■ HOW TO COMPLETE THIS TASK ■
With the pictures left out, write out exactly the lines of the listing below that run from the line with "Shoe Decoration Accessories" through the line with "suitable for iphone".

■ GIVEN DATA ■
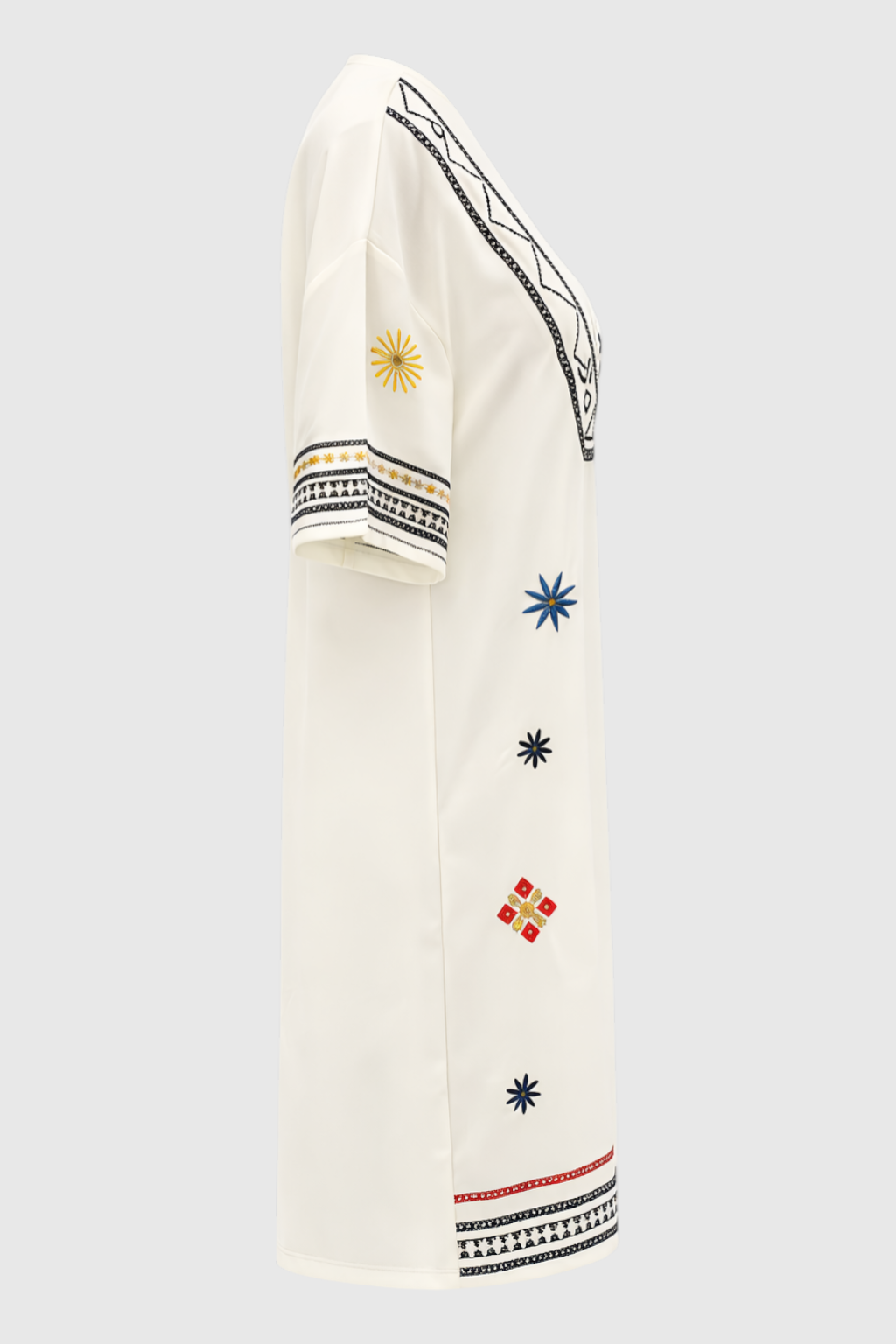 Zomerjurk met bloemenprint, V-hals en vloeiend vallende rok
* * *
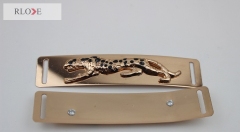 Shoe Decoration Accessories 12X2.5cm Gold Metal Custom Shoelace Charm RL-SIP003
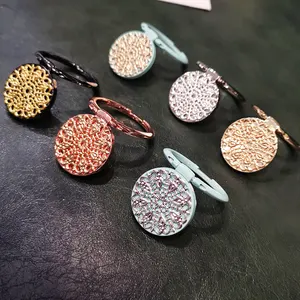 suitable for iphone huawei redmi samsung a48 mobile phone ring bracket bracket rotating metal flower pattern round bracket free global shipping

■ ANSWER TO THIS PROBLEM ■
 Shoe Decoration Accessories 12X2.5cm Gold Metal Custom Shoelace Charm RL-SIP003
 suitable for iphone huawei redmi samsung a48 mobile phone ring bracket bracket rotating metal flower pattern round bracket free global shipping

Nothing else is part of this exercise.